## Exercise requirements
Exact copy, pictures excluded: output the lines from the opening of the entries through the line bearing "Building Photo - 305 Esplanade Cir".

## Records to use
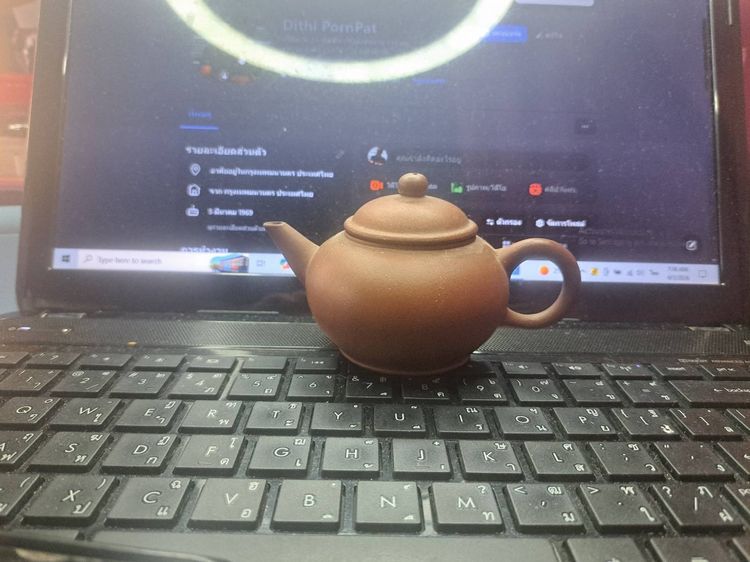 อื่นๆ ปั้นชาเก่า หรือ กาน้ำชาสาธารณรัฐ  สภาพสวยไม่แตกไม่ร้าว - ไม่รั่ว ใต้ฝาใต้กา มีโค๊ต บรรยายด้วยภาพ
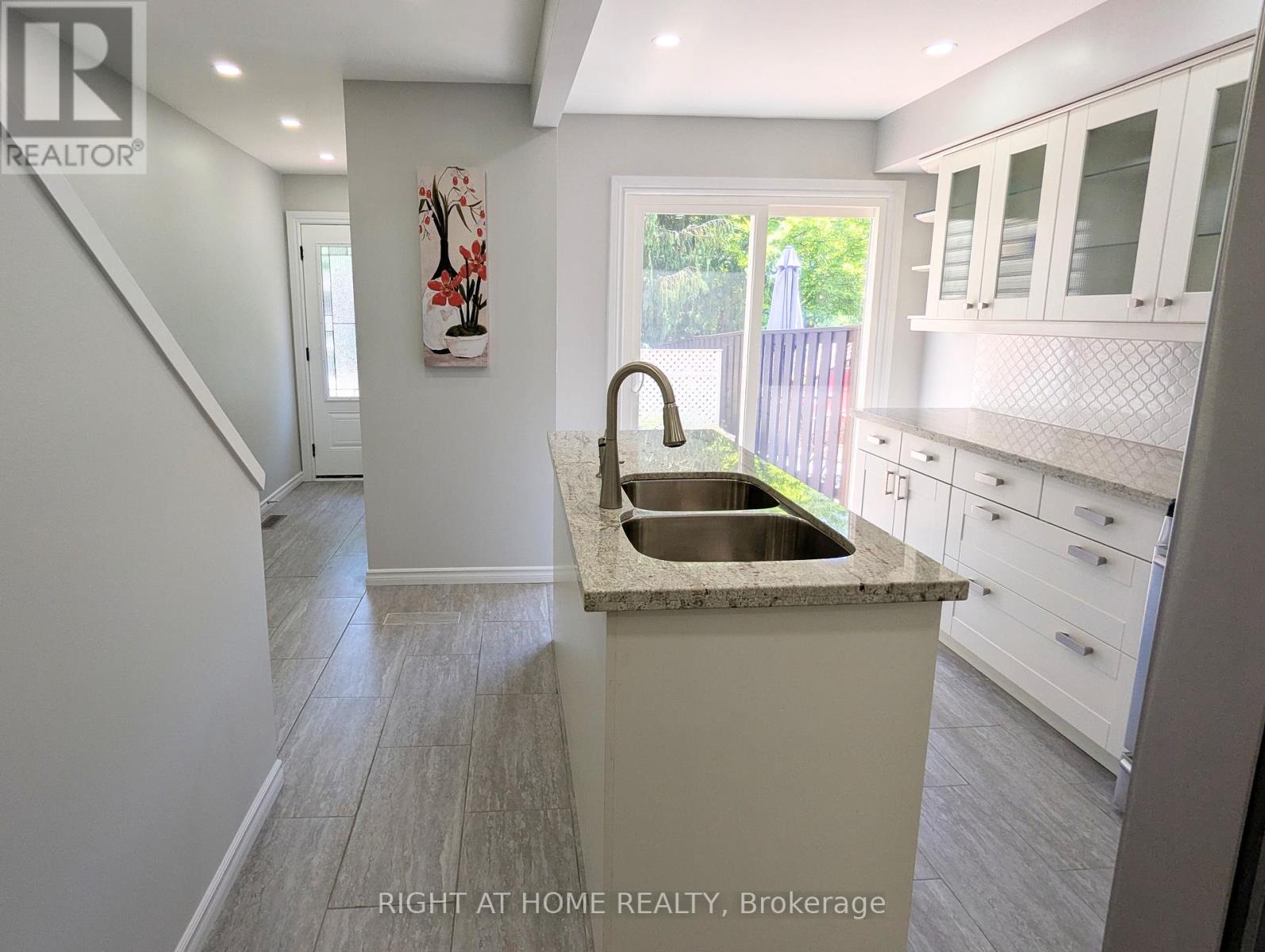 2599 Inlake Court, Mississauga, Ontario  L5N 2M9 - Photo 6 - W12433244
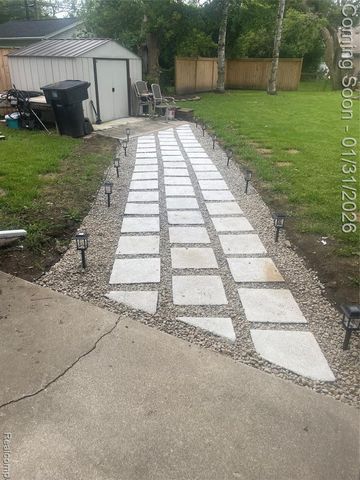 20019 Macarthur Street, Redford, MI 48240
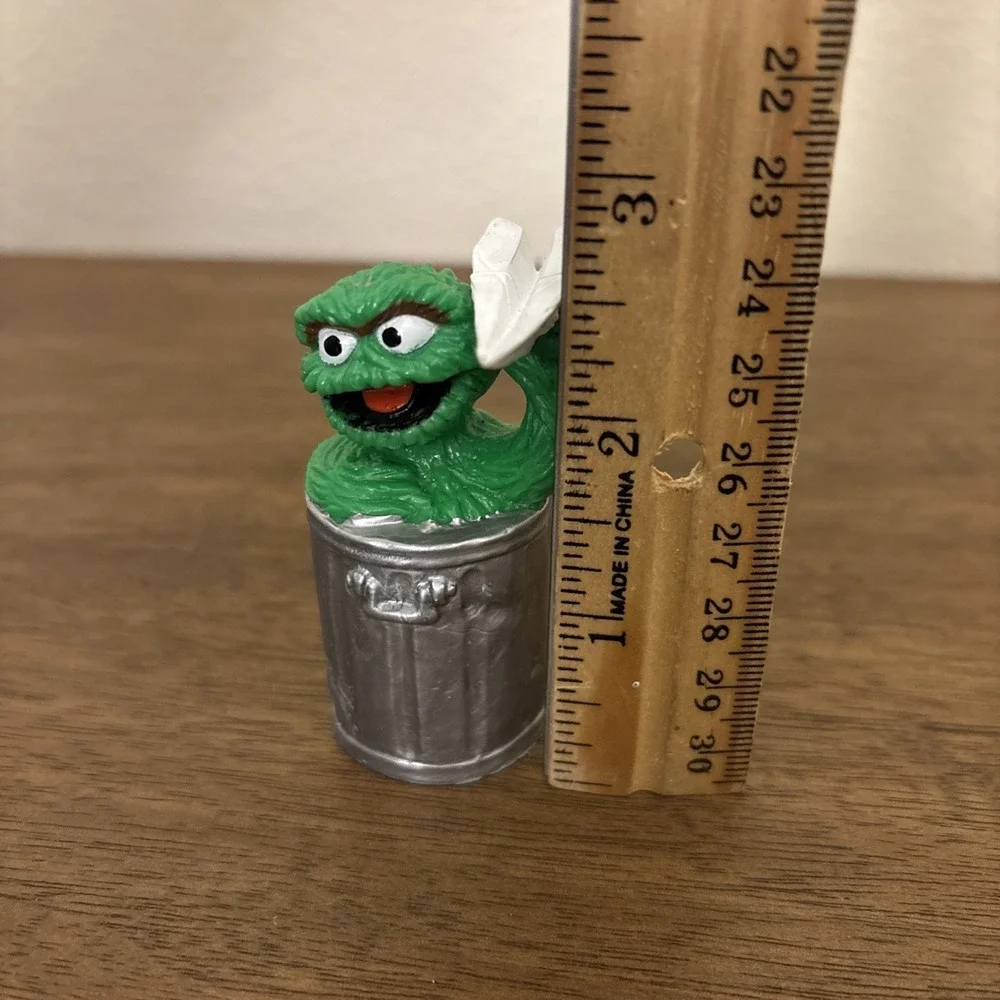 Vtg 80's Oscar THE GROUCH Paper Airplane 2.5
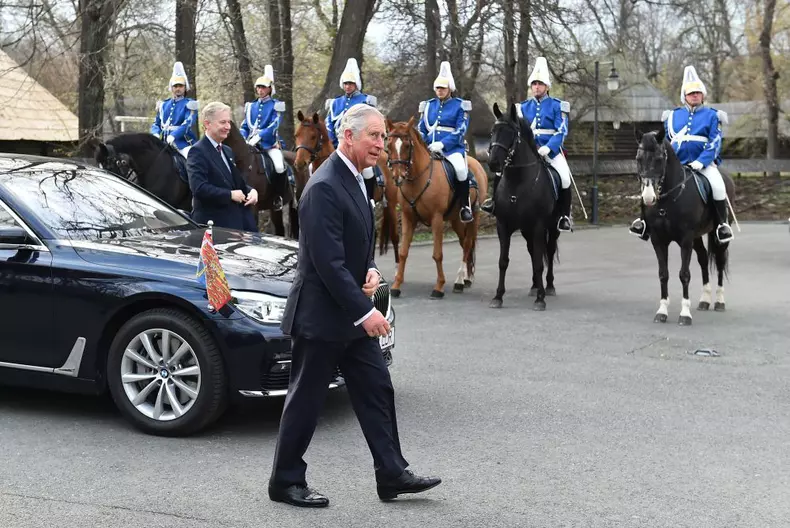Prințul Charles vizitează Teatrul Național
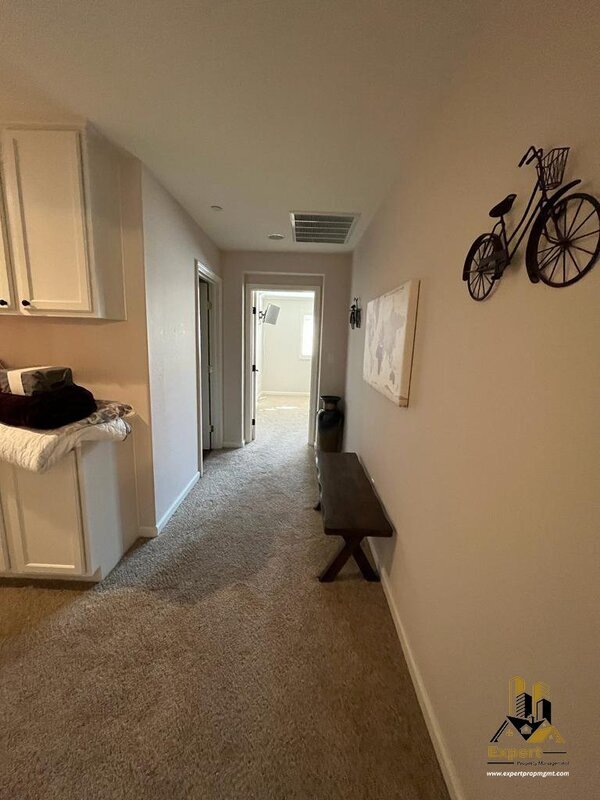 Building Photo - 305 Esplanade Cir
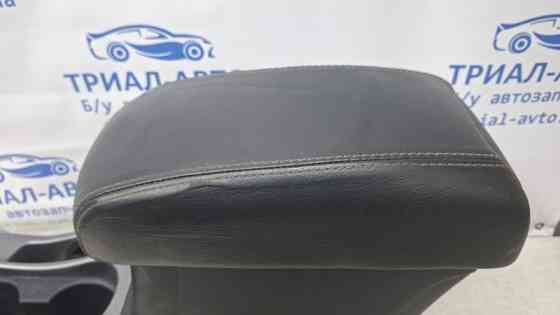 Подлокотник Mitsubishi Outlander 2007-2012 8011A085YA (Арт. 74275) Київ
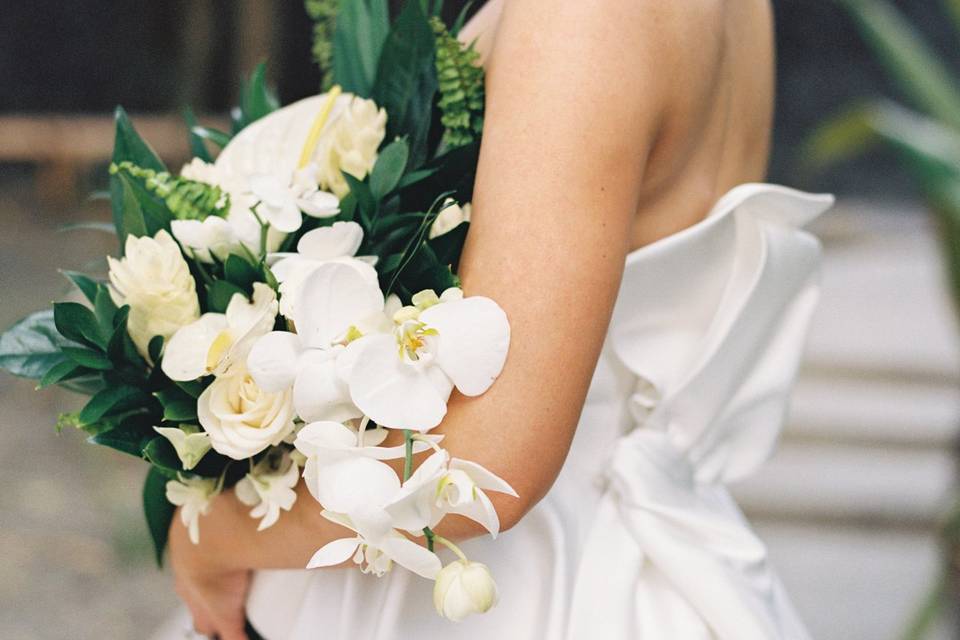 White Tropical Bouquet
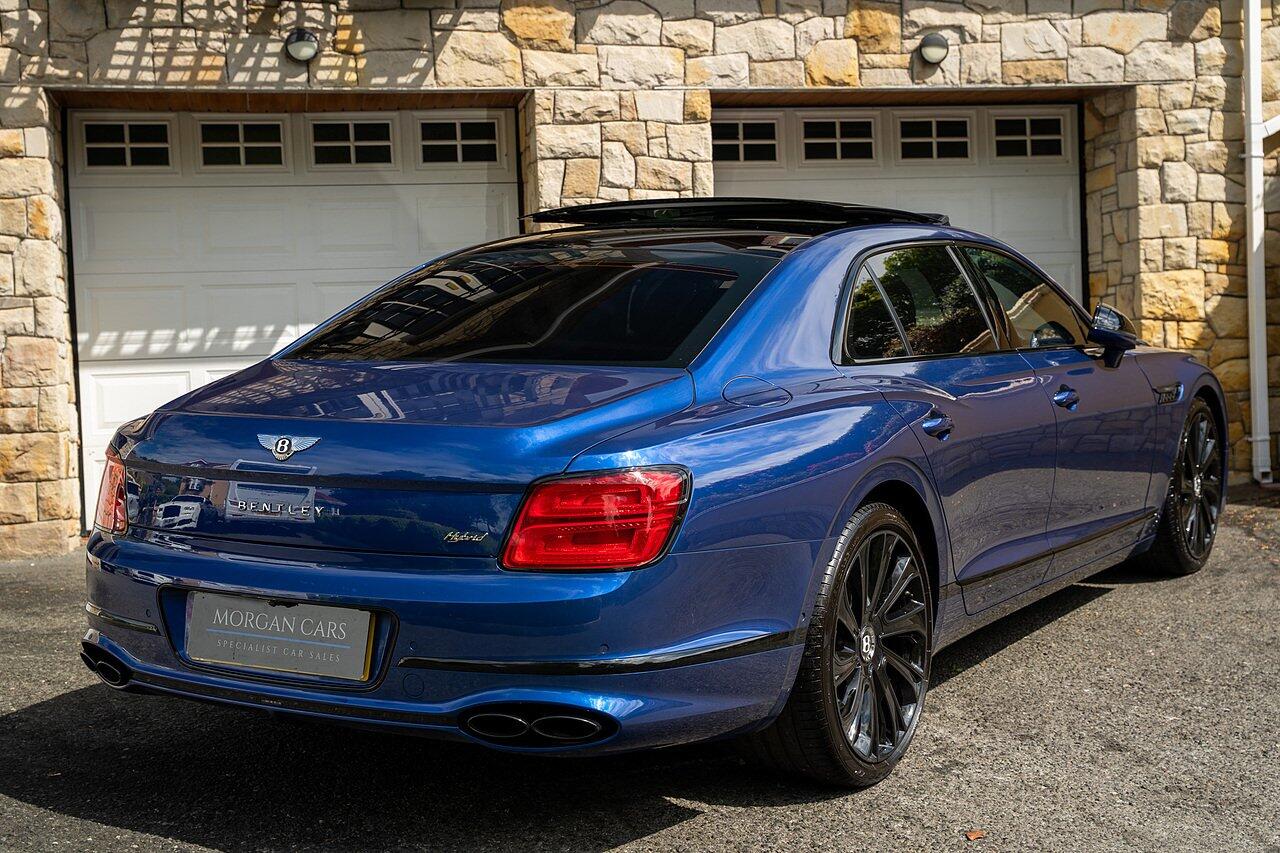 Bentley Flying Spur view 15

## Output below
 อื่นๆ ปั้นชาเก่า หรือ กาน้ำชาสาธารณรัฐ  สภาพสวยไม่แตกไม่ร้าว - ไม่รั่ว ใต้ฝาใต้กา มีโค๊ต บรรยายด้วยภาพ
 2599 Inlake Court, Mississauga, Ontario  L5N 2M9 - Photo 6 - W12433244
 20019 Macarthur Street, Redford, MI 48240
 Vtg 80's Oscar THE GROUCH Paper Airplane 2.5
Prințul Charles vizitează Teatrul Național
 Building Photo - 305 Esplanade Cir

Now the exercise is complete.